ACTIVITY: Down to the last line of the listing, starting at the one with "Match Your Stationery", retype each line exactly. Do not copy the pictures.

※ ※ ※

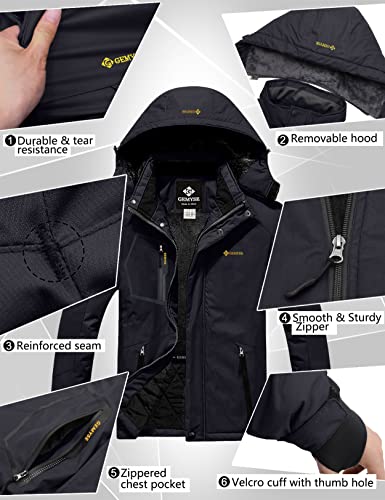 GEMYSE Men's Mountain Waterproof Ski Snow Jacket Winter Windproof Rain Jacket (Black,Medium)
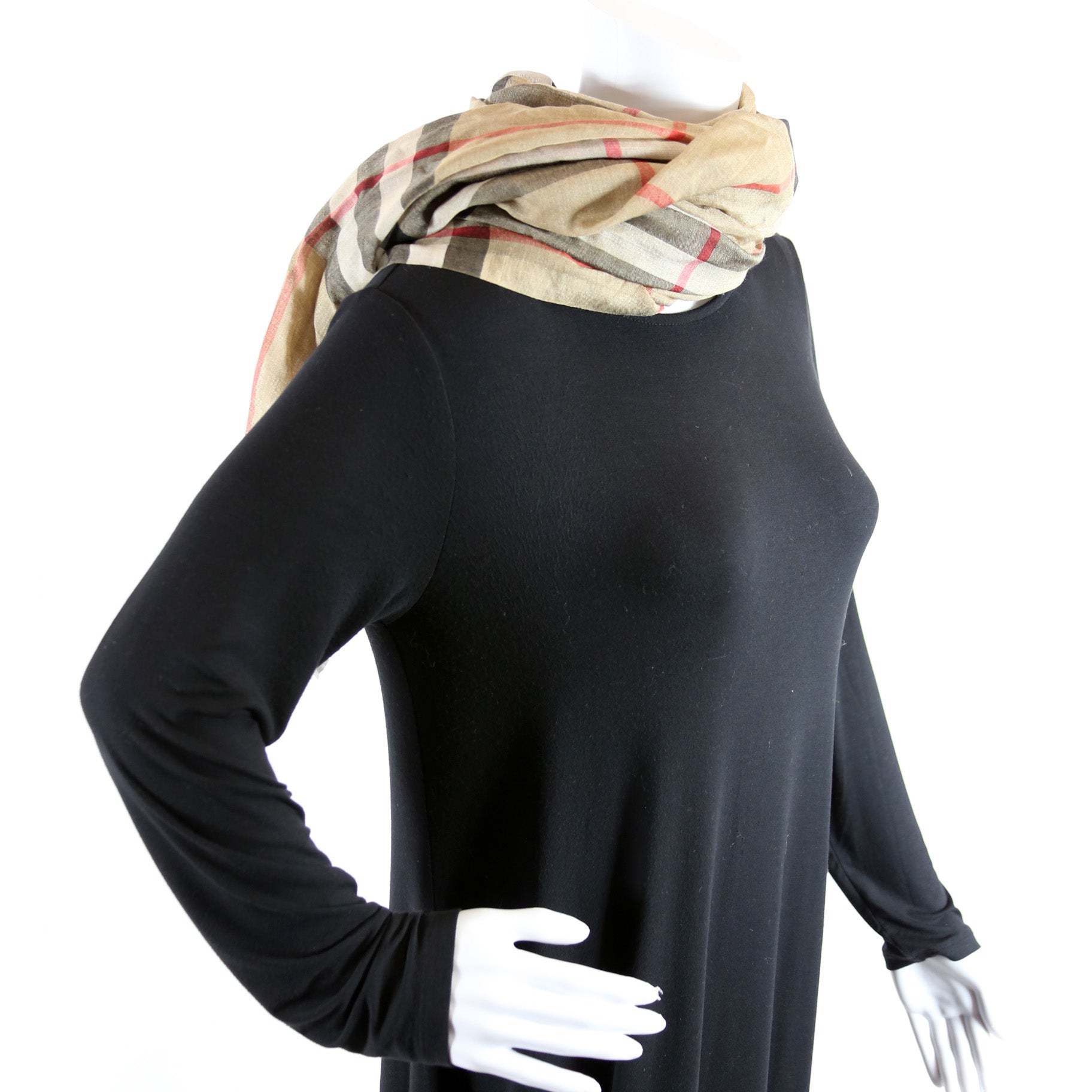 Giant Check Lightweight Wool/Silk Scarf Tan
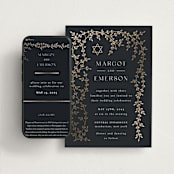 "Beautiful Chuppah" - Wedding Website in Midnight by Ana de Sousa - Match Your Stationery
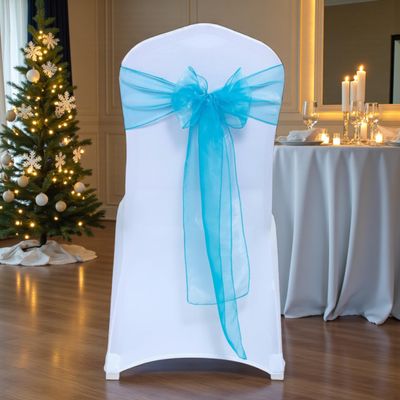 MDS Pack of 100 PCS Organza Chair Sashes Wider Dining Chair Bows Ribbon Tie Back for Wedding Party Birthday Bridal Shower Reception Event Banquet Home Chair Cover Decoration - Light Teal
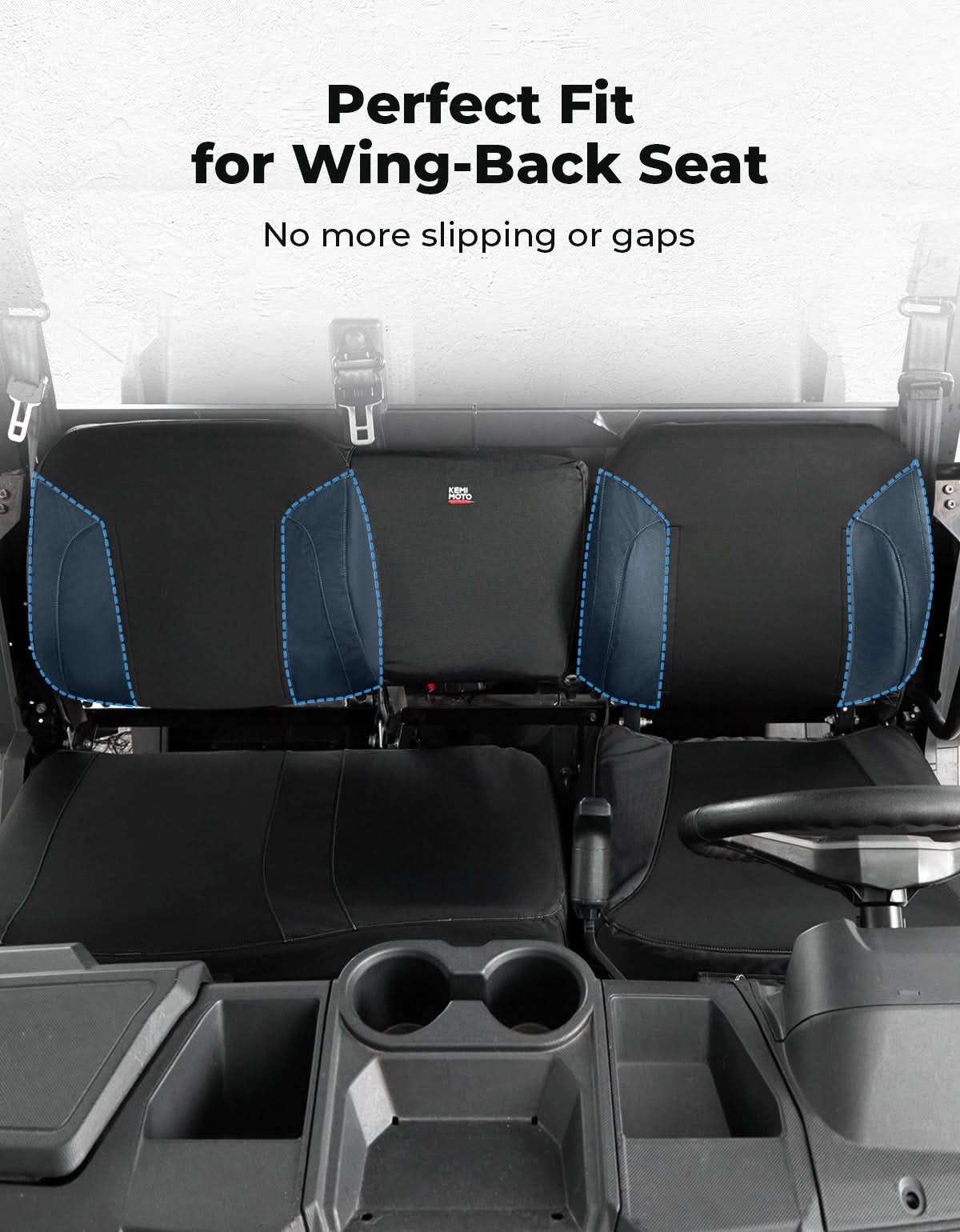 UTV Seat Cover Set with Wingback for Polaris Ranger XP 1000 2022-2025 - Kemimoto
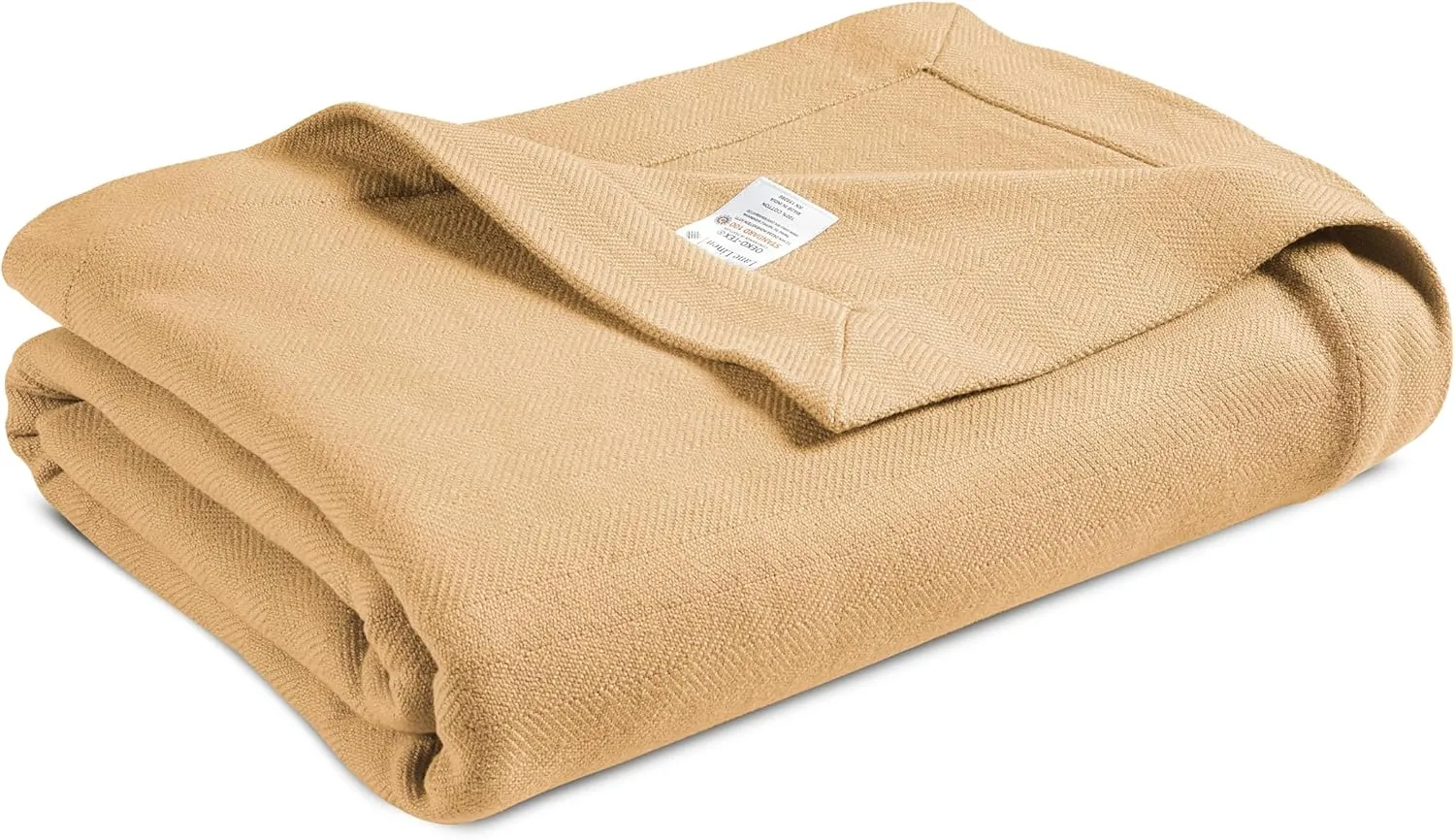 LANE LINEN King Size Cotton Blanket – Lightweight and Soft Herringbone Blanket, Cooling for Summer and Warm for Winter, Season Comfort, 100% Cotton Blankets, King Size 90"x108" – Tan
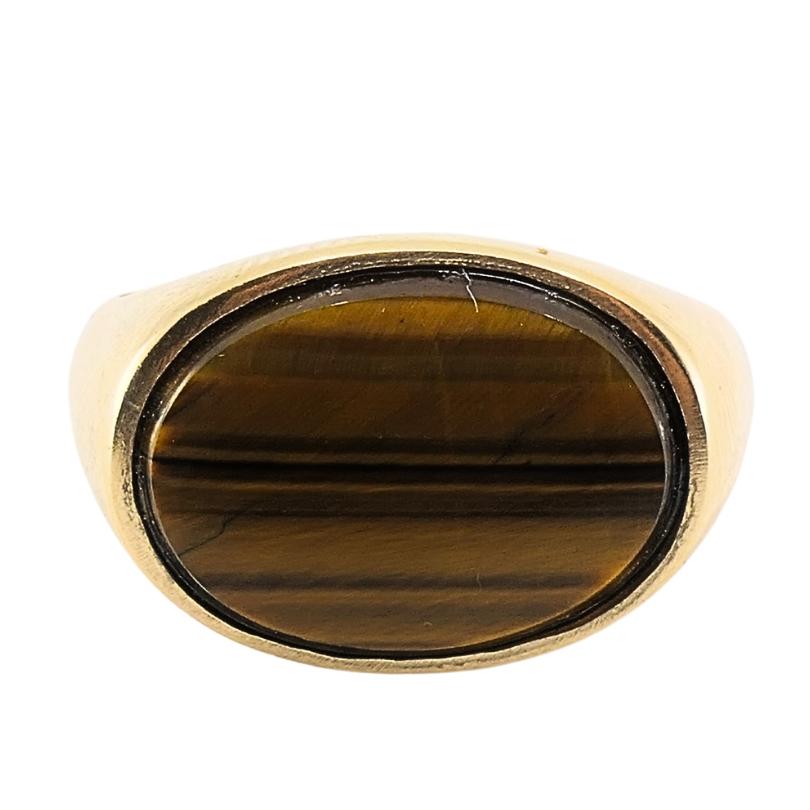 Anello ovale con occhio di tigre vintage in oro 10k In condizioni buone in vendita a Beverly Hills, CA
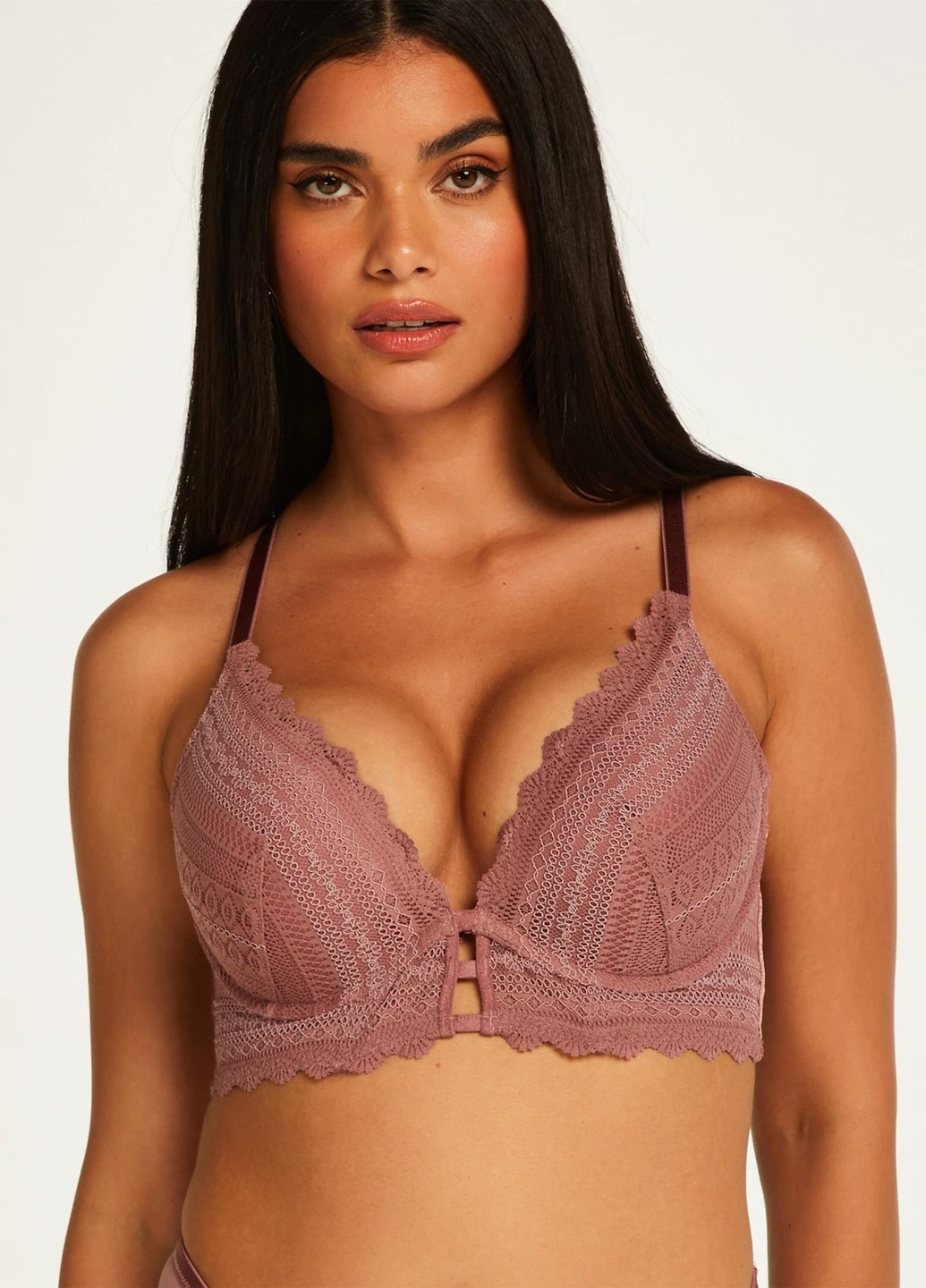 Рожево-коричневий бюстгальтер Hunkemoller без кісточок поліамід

※ ※ ※

SOLUTION FOR THIS TASK:
 "Beautiful Chuppah" - Wedding Website in Midnight by Ana de Sousa - Match Your Stationery
 MDS Pack of 100 PCS Organza Chair Sashes Wider Dining Chair Bows Ribbon Tie Back for Wedding Party Birthday Bridal Shower Reception Event Banquet Home Chair Cover Decoration - Light Teal
 UTV Seat Cover Set with Wingback for Polaris Ranger XP 1000 2022-2025 - Kemimoto
 LANE LINEN King Size Cotton Blanket – Lightweight and Soft Herringbone Blanket, Cooling for Summer and Warm for Winter, Season Comfort, 100% Cotton Blankets, King Size 90"x108" – Tan
 Anello ovale con occhio di tigre vintage in oro 10k In condizioni buone in vendita a Beverly Hills, CA
 Рожево-коричневий бюстгальтер Hunkemoller без кісточок поліамід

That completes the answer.